[Brief]: Repeat what the lines below say, word for word, and skip every image.

[Data shown]:
────────────────────

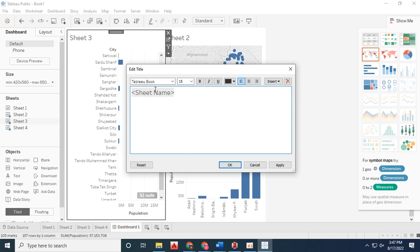You can change the title by clicking on the page. For sheet three, I've given it the title 'City Wise Population.' You can also change the font and color.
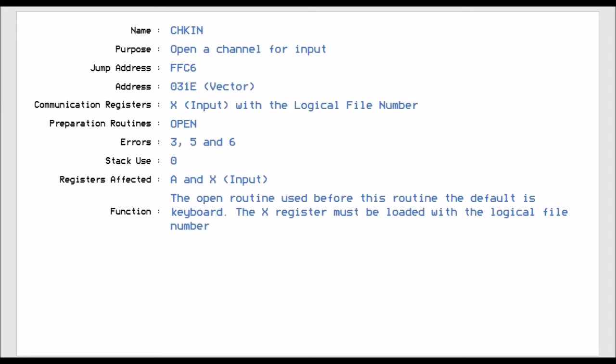The next one is called CHKIN, and that is jump vector FFC6. And this routine opens a channel for input. So it's opening a channel for a device to talk to us. And we have to tell it which logical file number to use, because you can have many logical files open at the same time. So the X register has to have the file number. You also have to prepare it using the OPEN command, because if you don't open the channel, you can't set the channel for input.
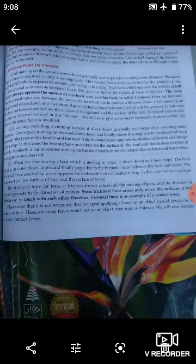A ball moving on the ground slows down gradually and stops after covering some distance. If we move a ball on the ground, it slows down gradually.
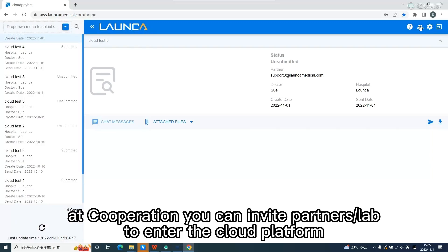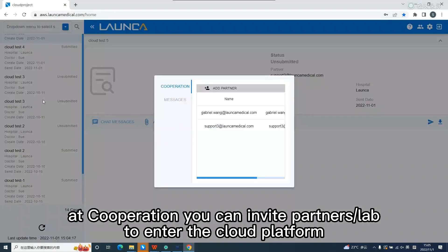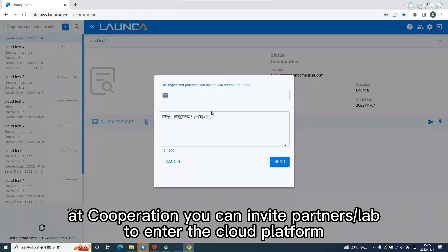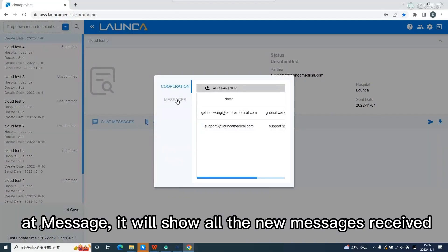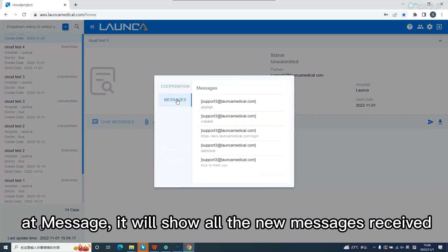Click partners. At cooperation you can invite partners or lab to enter the cloud platform, enter the email, click send. At message, it will show all the new messages received.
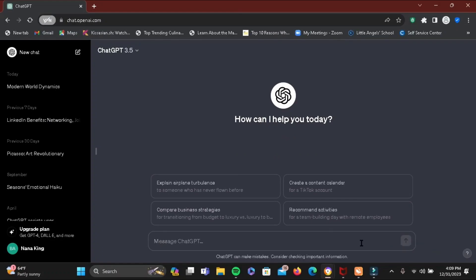Once you are logged in, you will land in this chat feed where you can interact with the ChatGPT. Here you can see there is no option of image icon where we can tap and upload a media.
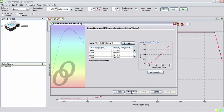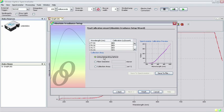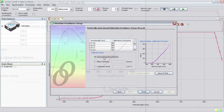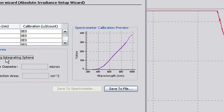In this screen, under Collection Area, the option for Using Integrating Sphere should be automatically checked since you loaded a file for an LSCI Cal-INT. The Spectrometer Calibration Preview Frame should show two lines of different colors nearly on top of one another. This indicates that the calibration file and the measurement of the lamp that generated the calibration file are in agreement.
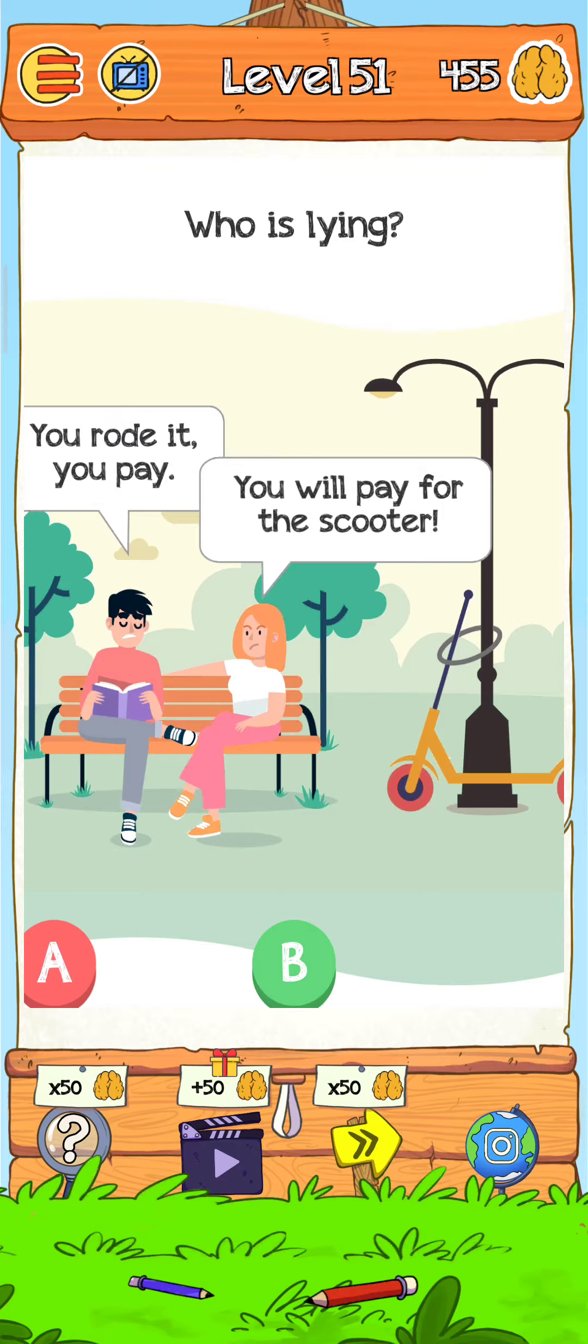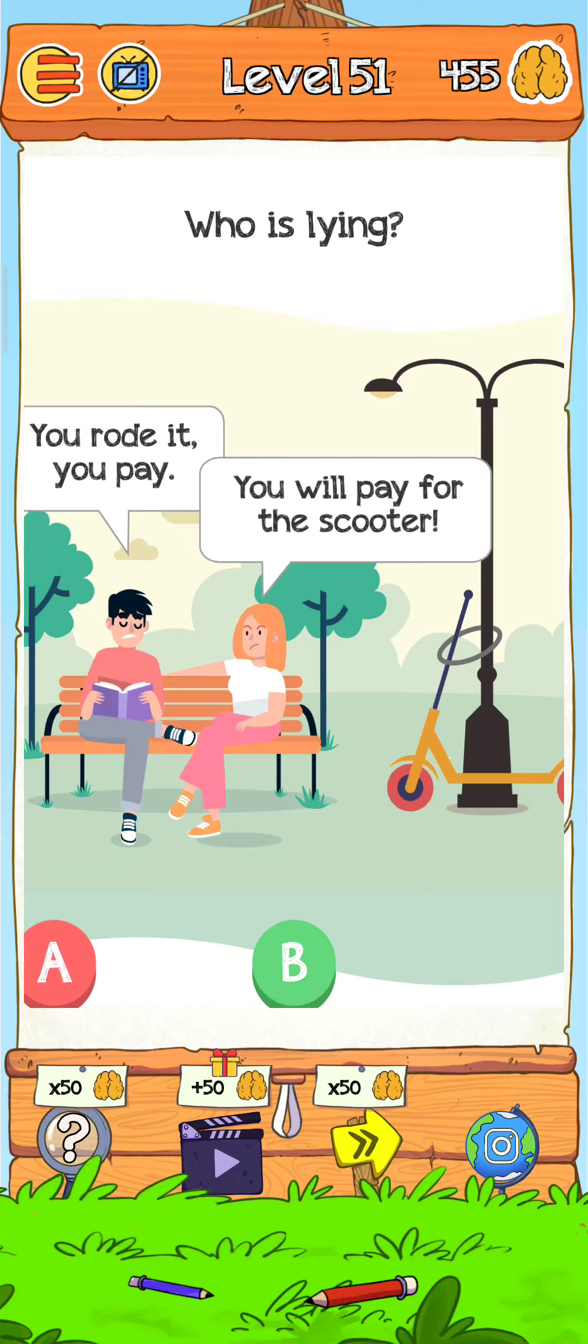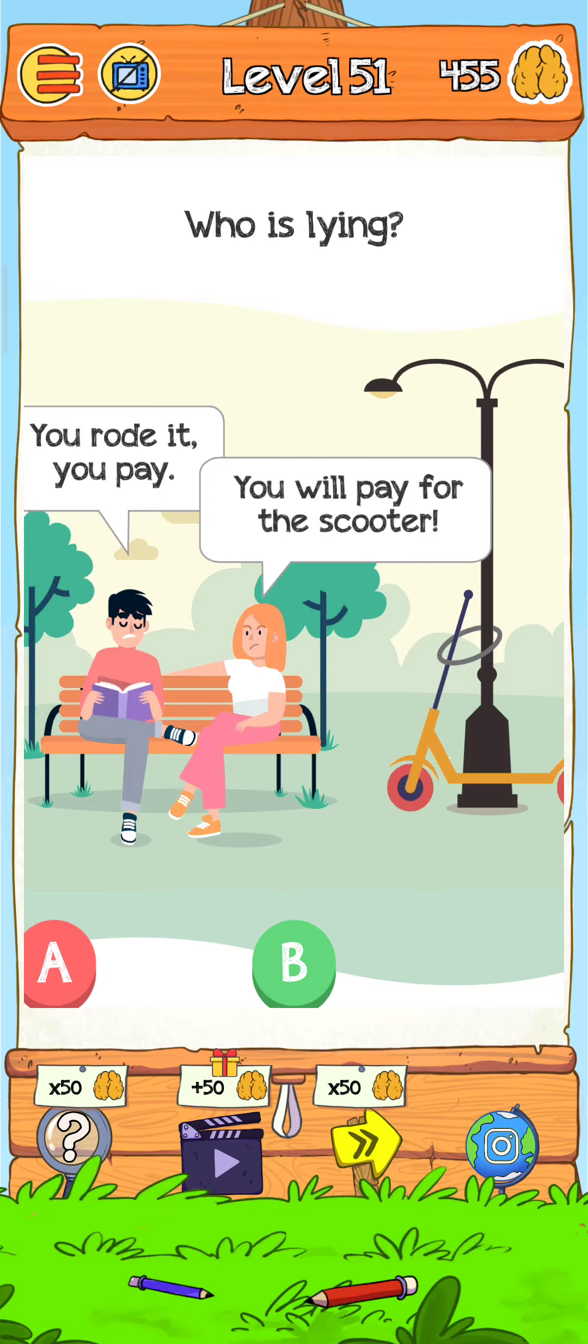Hey what's up guys, welcome back to another gameplay video. Brain Dump Tool Level 51: Who is lying? Let's play, but first please subscribe to my channel and press the bell icon to get more videos like this.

────────────────────

[Exercise response]:
You can change the title by clicking on the page. For sheet three, I've given it the title 'City Wise Population.' You can also change the font and color.
The next one is called CHKIN, and that is jump vector FFC6. And this routine opens a channel for input. So it's opening a channel for a device to talk to us. And we have to tell it which logical file number to use, because you can have many logical files open at the same time. So the X register has to have the file number. You also have to prepare it using the OPEN command, because if you don't open the channel, you can't set the channel for input.
A ball moving on the ground slows down gradually and stops after covering some distance. If we move a ball on the ground, it slows down gradually.
Click partners. At cooperation you can invite partners or lab to enter the cloud platform, enter the email, click send. At message, it will show all the new messages received.
Once you are logged in, you will land in this chat feed where you can interact with the ChatGPT. Here you can see there is no option of image icon where we can tap and upload a media.
In this screen, under Collection Area, the option for Using Integrating Sphere should be automatically checked since you loaded a file for an LSCI Cal-INT. The Spectrometer Calibration Preview Frame should show two lines of different colors nearly on top of one another. This indicates that the calibration file and the measurement of the lamp that generated the calibration file are in agreement.
Hey what's up guys, welcome back to another gameplay video. Brain Dump Tool Level 51: Who is lying? Let's play, but first please subscribe to my channel and press the bell icon to get more videos like this.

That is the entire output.